Brand new nth expression

I’ve been in charge of creating a new netfilter match expression that provides a nth packet counter matching but every a given value is reset. Such expression will allow to create a round robin packet matching very useful for load balancing or to emulate network failures, for example:

 ip daddr <ipsaddr> dnat nth 3 map {
         0: <ipdaddrA>,
         1: <ipdaddrB>,
         2: <ipdaddrC>

This expression is the equivalent to the nth mode of the statistic match in iptables.

In order to face this challenge, I’ve been studying how nft expressions works in both the kernel and libnftnl sides, using as a reference how expressions like nft_meta, nft_counter and nft_cmp works:

  • nft_meta was useful as a template, as the key random seems to be similar to nth. But it’s totally different for several reasons: there is no needed several operations, no required sreg registers.
  • nft_cmp was useful to pass-through a data structure from netlink to netfilter, but not too similar to what we need to build.
  • nft_counter likely the most similar code as performs counting operations SMP safe. But the counter behaves counting the packets and bytes independently in every CPU and once the user request the counter value, it operates an addition of all CPU counters to return the final result. This is not what we need from nth, as we need the last updated value.

Additionally, I’ve been inspired in the current implementation of the nth mode in the xt_statistic expression from xtables in order to operate with atomic values in order to ensures that all CPUs are synced with the last updated counter value.

From the libnftnl point of view, I’ve been inspired from the counter.c, cmp.c and meta.c expressions in order to implement the nth.c expression.


Supporting inverted bitwise in nft I

I’m still banging my head providing support for the inverted bitwise that I referenced in an older post. Now the challenge is not only provides such functionality but also simplify the code.

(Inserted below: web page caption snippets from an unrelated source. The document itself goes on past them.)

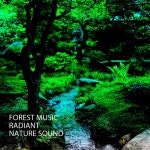 Forest Music: Radiant Nature Sound - Album by The Rain Library, Meditation Music Experience, Music For Your Dog | Spotify Forest... 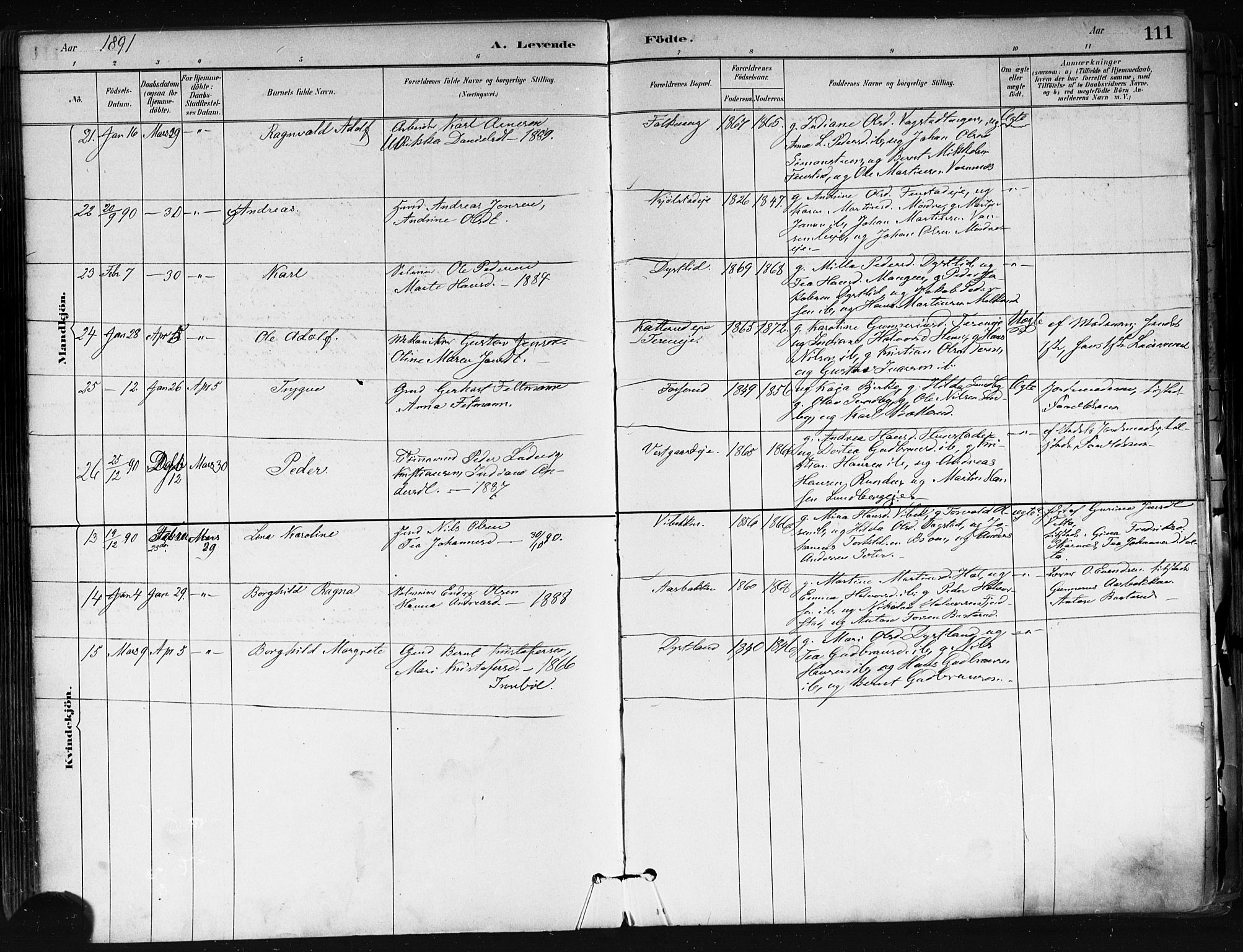 Nes prestekontor Kirkebøker, SAO/A-10410/F/Fa/L0010: Parish register (official) no. I 10, 1883-1898, p. 111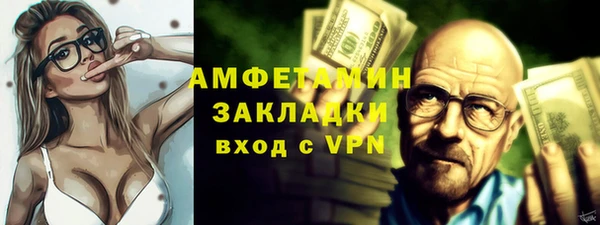 гидра Вязьма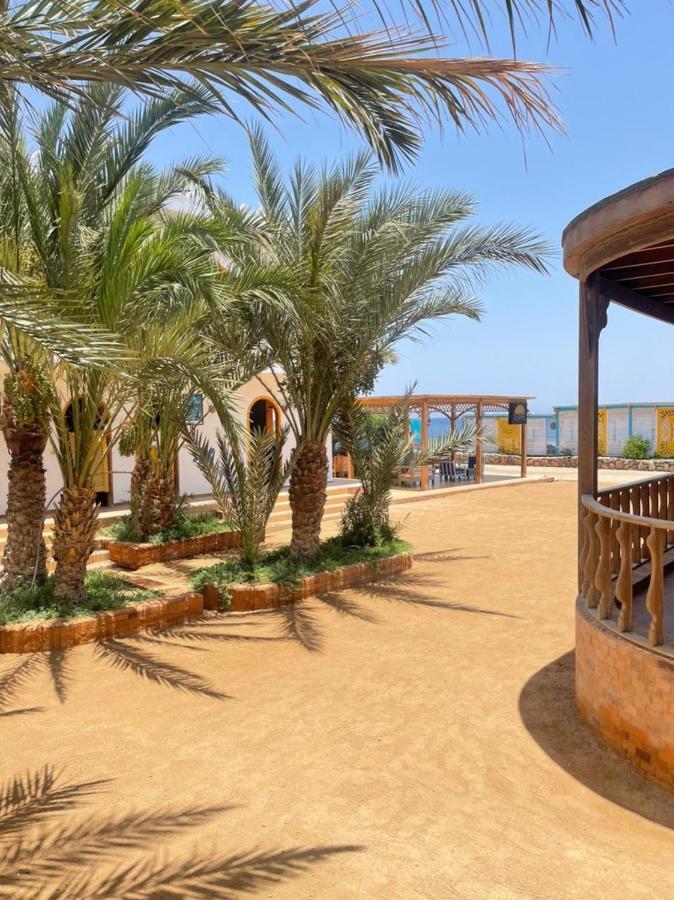 Shams Hotel & Dive Centre ダハブ エクステリア 写真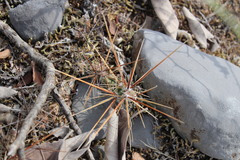 Grusonia schottii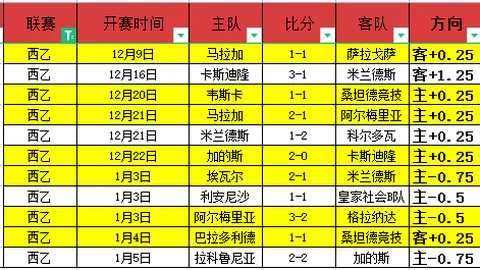 邵佳一欣喜见证国足左路新星1_0胜利，专家精准推荐显神威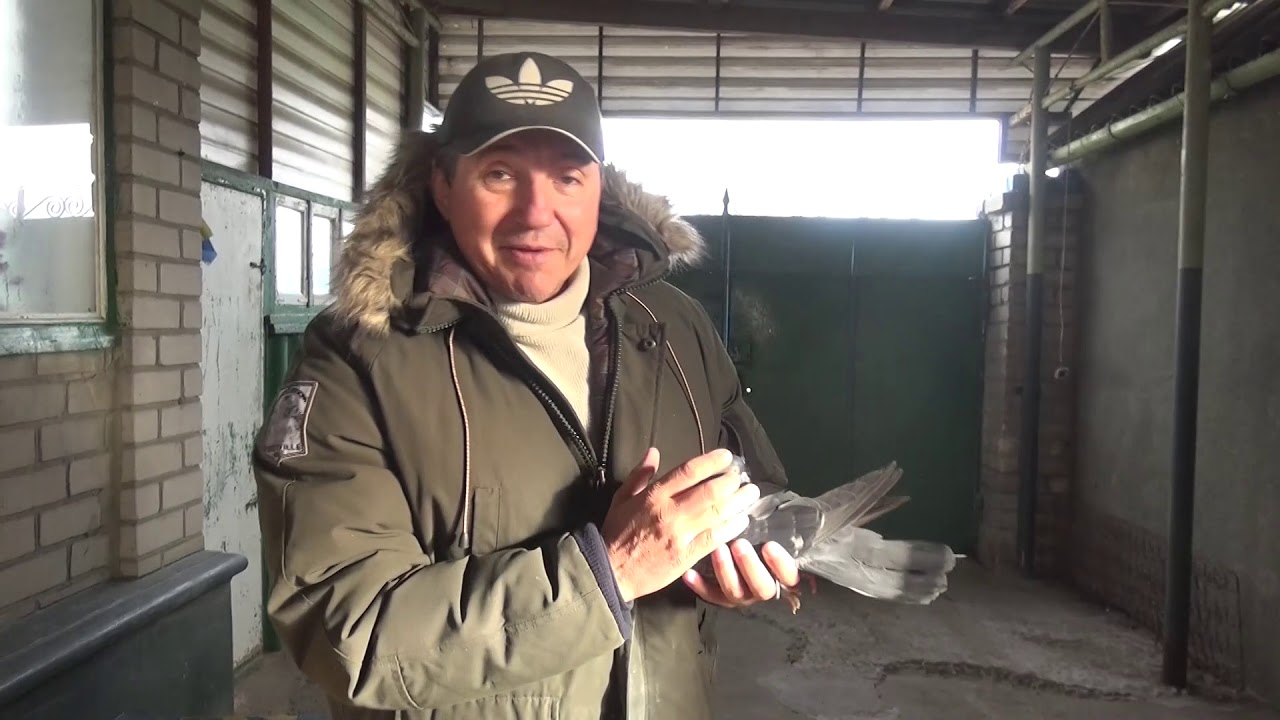 Николаевские голуби.  Подарок от души........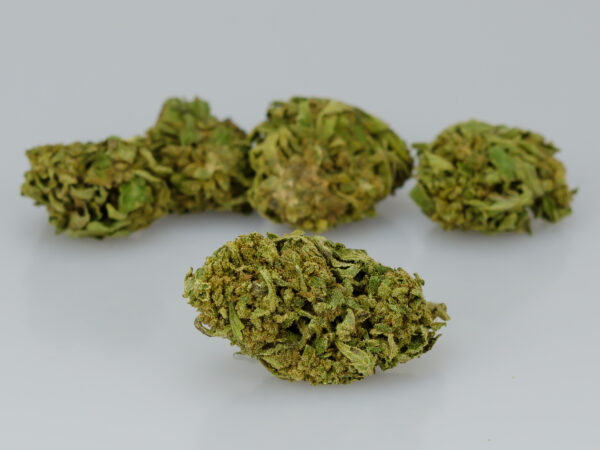 Buendner Gras Buds2 1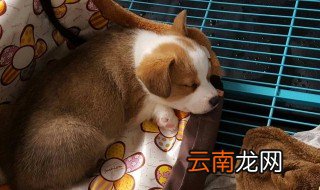 六个月狗狗一天喂几次 六个月狗狗一天喂几次比较合适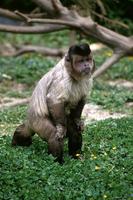 Cebus capucinus - White-faced Capuchin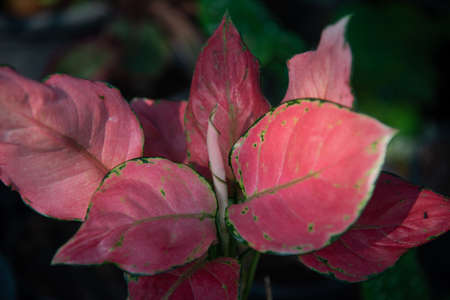 Close up Beautiful red leaf in nature.の写真素材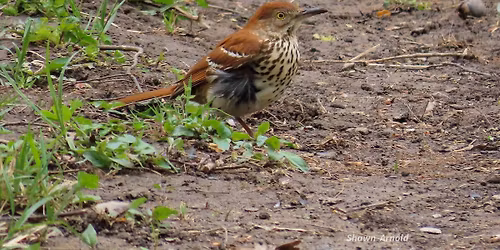 Wee Ones: A Birds Journey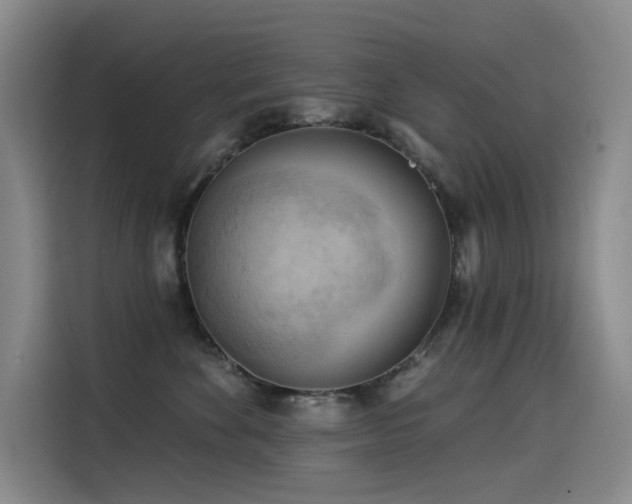 X0000114530524200910191324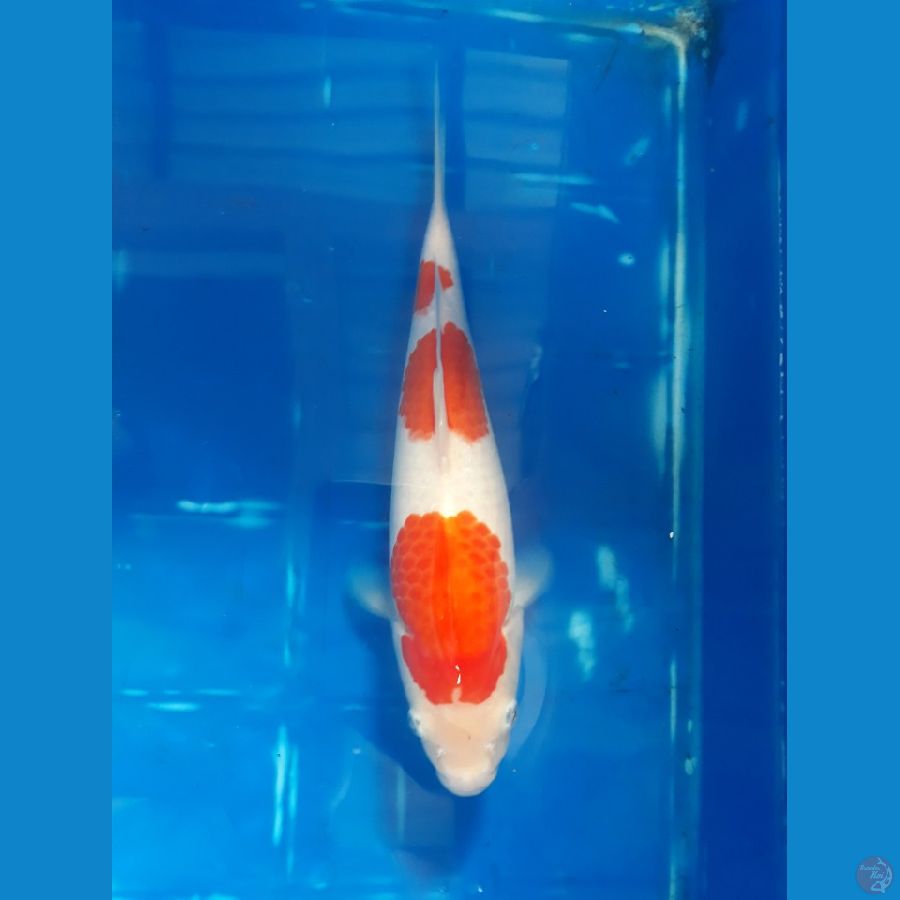 Kohaku 3 Step, Jantan, 30cm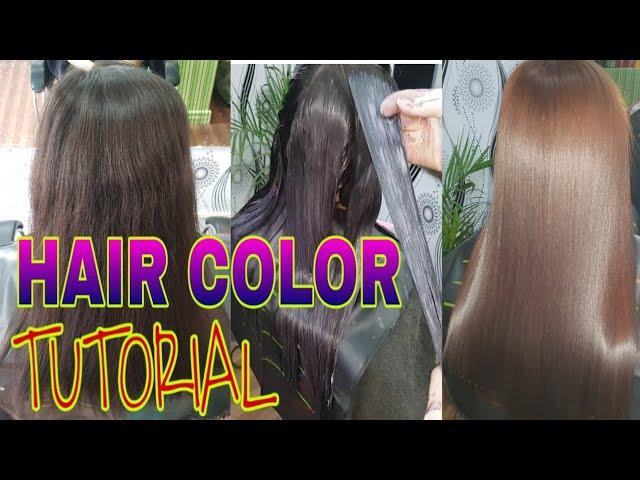 HAIR COLOR TUTORIAL FOR BEGGINERS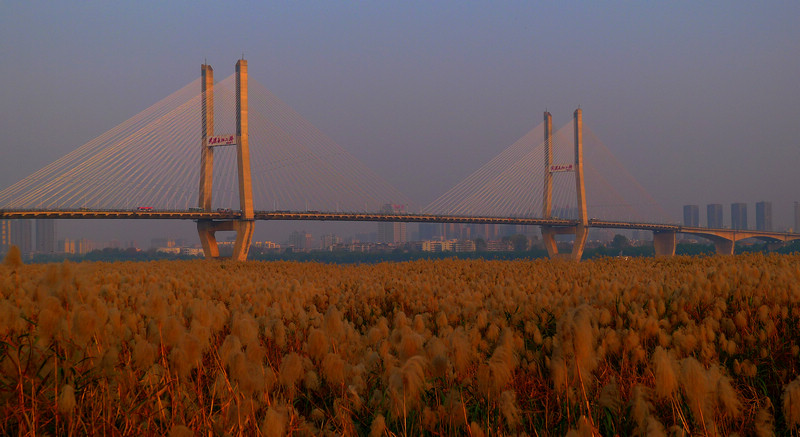 p1060674.jpg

In the nftables source code we can currently see a function called


in the file netlink_linearize.c which is called to generate the bitwise and cmp operations needed when the list of bitwise is positive, like is shown below:

nft --debug=netlink add rule ip filter INPUT ct state new,related,established,untracked
ip filter INPUT 
  [ ct load state => reg 1 ]
  [ bitwise reg 1 = (reg=1 & 0x0000004e ) ^ 0x00000000 ]
  [ cmp neq reg 1 0x00000000 ]

Now, the challenge is to improve the behavior in order to generate both operations in the evaluation phase, within the file evaluate.c creating the logic structure:

        relational (OP_NEQ)
                / \
               /   \
              /     \
         bitwise   value
            /  \
           /    \
     ct state   mask

No luck until now, but I’ll upgrade the state of this development.